- _DIRECTIONS FOR THIS TASK_: Dropping every picture, set down exactly the lines in the entries below, starting with the line with "Storage Bag Vacuum Seal 50x60cm" and going on through the line with "Photo 30: 1".

- _RECORDS SHOWN_:

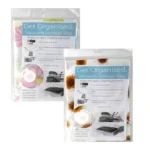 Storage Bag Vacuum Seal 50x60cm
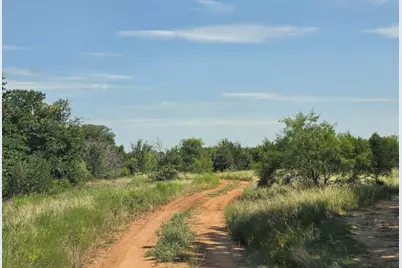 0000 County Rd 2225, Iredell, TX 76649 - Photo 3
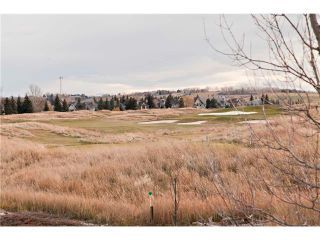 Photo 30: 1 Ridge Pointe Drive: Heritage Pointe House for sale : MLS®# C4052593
==
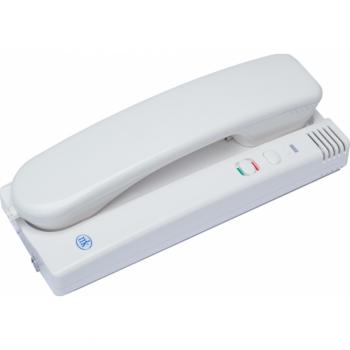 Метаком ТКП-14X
---
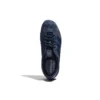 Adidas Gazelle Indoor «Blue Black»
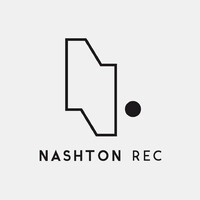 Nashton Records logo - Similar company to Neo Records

- _WRITTEN RESPONSE_:
 Storage Bag Vacuum Seal 50x60cm
 0000 County Rd 2225, Iredell, TX 76649 - Photo 3
 Photo 30: 1 Ridge Pointe Drive: Heritage Pointe House for sale : MLS®# C4052593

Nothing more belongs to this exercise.